Il aborda Guermanton dans un landau à la dernière mode et, chose étrange, le sabot des chevaux et l'essieu des roues étaient aussi nets que s'ils eussent été promenés sur le sable.
Il offrit à la famille une excursion sur ses terres et, à la stupéfaction de ses invités, on trouva toutes les voies rouvertes, alignées et sarclées...
Mais ce fut bien autre chose quand on eut atteint cette fameuse terrasse située devant le château et qui semblait naguère un vrai passage abandonné aux chèvres.
On eût dit que l'élégant Charaintru en personne avait inspiré les courbes moelleuses des pelouses et la composition des corbeilles.
Le château était recrépi à neuf; il y avait des vitres à toutes les fenêtres.
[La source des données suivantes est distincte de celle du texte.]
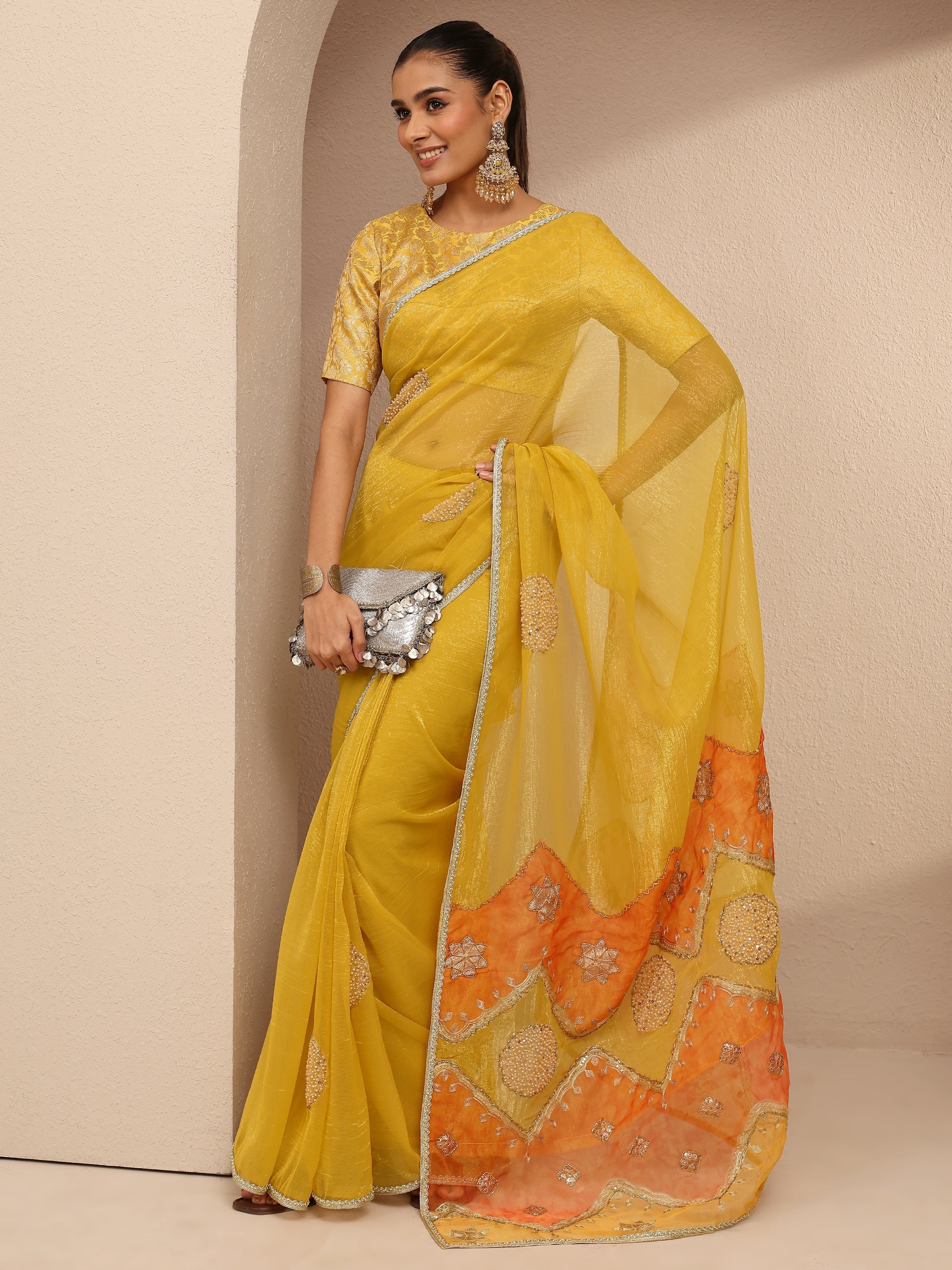 libas Yellow Embellished Silk Blend Saree With Unstitched Blouse Piece-picture-51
Il n'y avait pas jusqu'aux girouettes qui ne parussent avoir été passées au papier de verre et au tripoli.
Il conduisit ensuite ses hôtes sous un berceau aménagé dans un frais bosquet. Un goûter était servi, dont Pauline fit les honneurs.
—Je m'excuse, dit le baron, de ne pas vous introduire dans le château. Il est malheureusement encore tout entier aux mains des tapissiers qui s'efforcent de le rendre digne de sa future maîtresse.
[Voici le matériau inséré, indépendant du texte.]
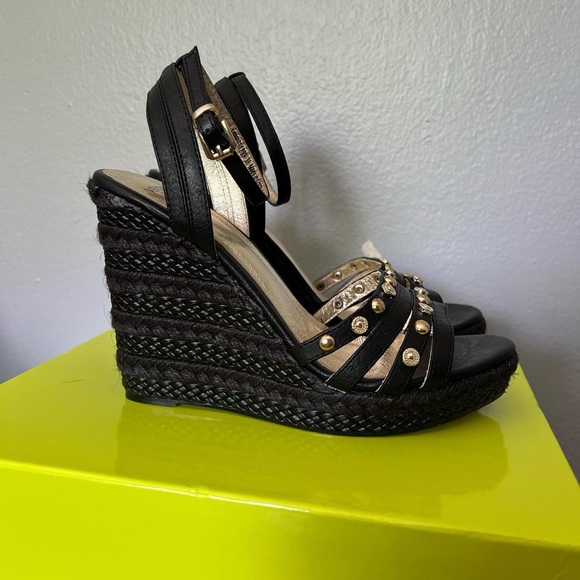 Versace Jeans Collection Black Wedge Heels with Gold Accents - Picture 7 of 8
Telle fut la connaissance que fit Pauline avec sa future habitation. Mais à en juger par les dehors somptueux, ce devait être un manoir féerique... Le luxe de l'intérieur annonçait, pour le moins, des plafonds dorés, des meubles rares et des tapis de Smyrne.
Le baron Pottemain reconduisit la famille de Guermanton, mais il fit halte devant le presbytère de Besson, envahi, ainsi que l'église, par une nuée de maçons et de charpentiers.
On visita le bon curé qui reçut tout radieux ses nouveaux paroissiens et l'on arrêta avec lui la date de la cérémonie.
Quinze jours plus tard, une cloche nouvelle, baptisée le matin sous le nom de «Sophie-Pauline», tintait pour la première fois dans le clocher neuf surmontant le toit de la vieille église romane et annonçait aux populations accourues de toutes parts le mariage de sa marraine Sophie-Pauline Marzet avec M. le baron Alexandre Pottemain, de Bois-Peillot.